● TASK GOAL:
Would you repeat the listing exactly but omit every picture?

● SOURCE MATERIAL:
--- START ---

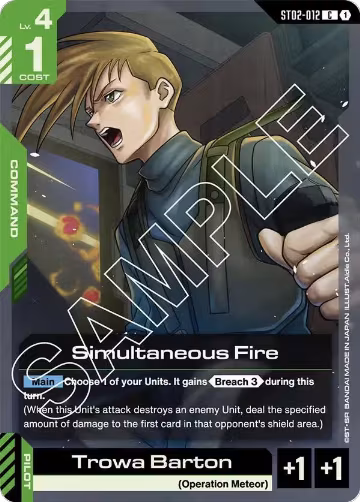Simultaneous Fire (ST02-012), Starter Deck 02: Wings of Advance — Gundam card price
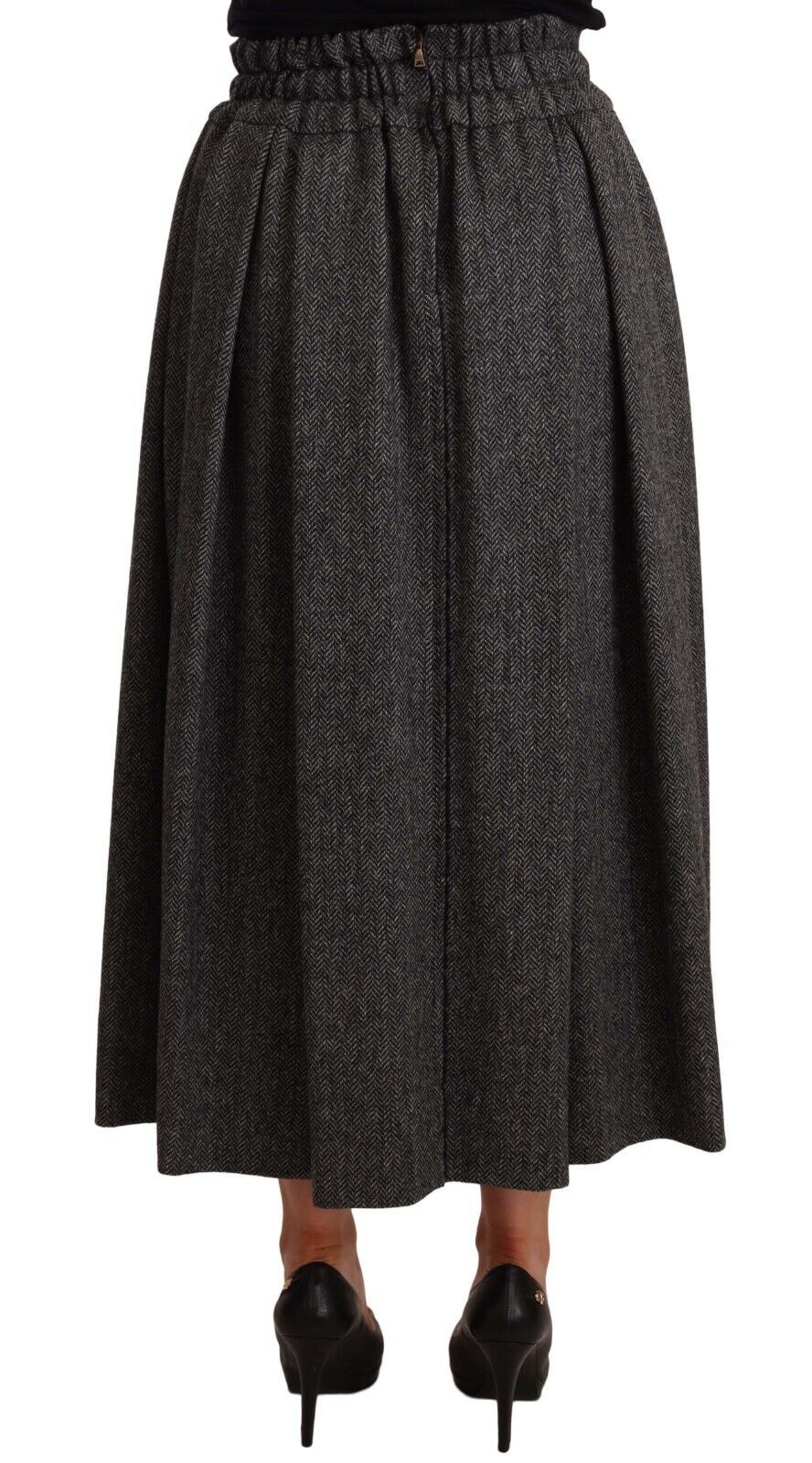 Gray Wool High Waist A-line PIECE Skirt-Dolce & Gabbana-LabelTerrace.com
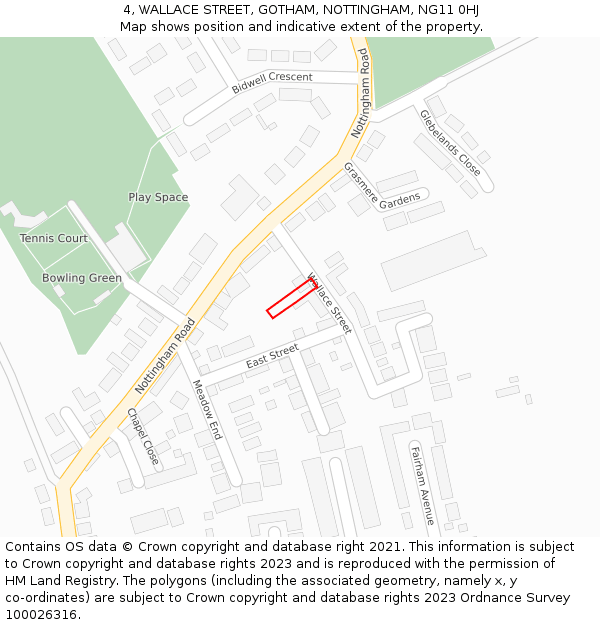 4, WALLACE STREET, GOTHAM, NOTTINGHAM, NG11 0HJ: Location map and indicative extent of plot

--- END ---

● TASK RESPONSE:
Simultaneous Fire (ST02-012), Starter Deck 02: Wings of Advance — Gundam card price
 Gray Wool High Waist A-line PIECE Skirt-Dolce & Gabbana-LabelTerrace.com
 4, WALLACE STREET, GOTHAM, NOTTINGHAM, NG11 0HJ: Location map and indicative extent of plot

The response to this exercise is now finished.